Nitekim iş kazasında kaçınılmazlıktan söz edilebilmesi için İş Sağlığı ve Güvenliği Mevzuatına göre işverenin, işyerinde çağın ve teknolojinin gerektirdiği önlemleri almasına rağmen iş kazasının meydana gelmiş olması gerektiği Yargıtay kararlarında da belirlenmiştir.
Dr. İbrahim OĞUR
E. Baş iş Müfettişi
DETAM Grup Yönetim Kurulu Başkanı
KAYNAKÇA:
– Yargıtay 10.Hukuk Dairesi E:2015/8952 K:2015/10854
– 27 Yargıtay Hukuk Genel Kurulu, Esas: 2012/10-1141, Karar: 2013/282, Tarih: 27.02.2013.
– BALOĞLU, Cem: İşverenlerin İş Kazalarından Doğan Hukuki Sorumluluğu, s.120 Balcı, a.g.m., s.163.
– Tuncay, C. (2006). Kurumun İşverene Rücuu– Olayda Kaçınılmazlık Durumu. Sicil Dergisi, (6), s.186.
– Güzel, A., Okur, A.R. (2003). Sosyal Güvenlik Hukuku. İstanbul: Beta Yayınevi, s.247, Araslı, U. (2002). Sosyal Güvenlik ve Sosyal Sigortalar. Ankara: Turhan Kitabevi, s.511.
– Prof.Dr. A. Can Tuncay, Kurumun işverene Rücu-Olayda Kaçınılmazlık Durumu, Sicil İş Hukuku Dergisi, Sayı 4, s. 185
– Prof. Dr.
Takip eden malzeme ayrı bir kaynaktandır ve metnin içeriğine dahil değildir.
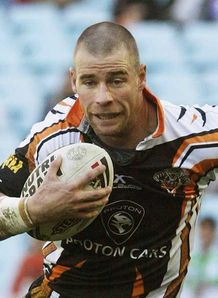 Elford leaves the Giants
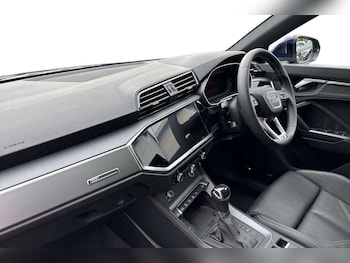 Used Audi Q3 2025 for sale - 79376864: Photo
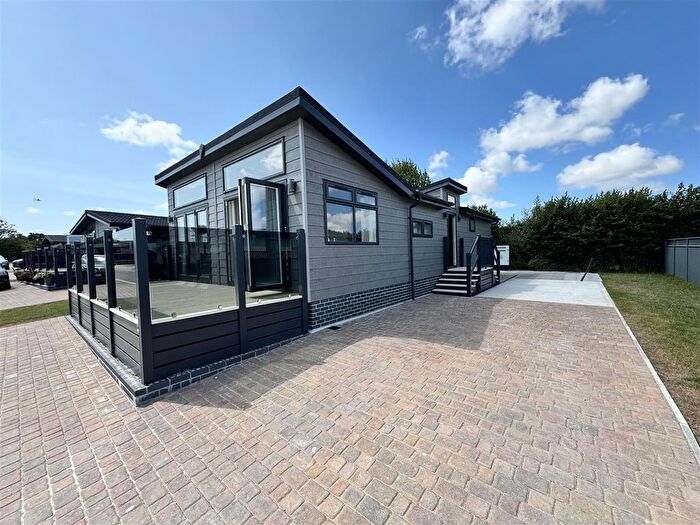2 Bedroom Detached Bungalow For Sale In Pamelas Way, Moorland View Residential Park, Indian Queens, TR9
Berin Engin, Sosyal Sigortalar ve Genel Sağlık Sigortası Kanunu İşverene Rücu ya Nasıl Bakıyor?, Sicil İş Hukuku Dergisi, Sayı 4, s. 139
– H.G.K.’nun 6.10.1999 gün ve 1999/10-687 E.-1999/775 K. ile 16.10.1985 gün ve 1985/10-197 E. 1985/826 K.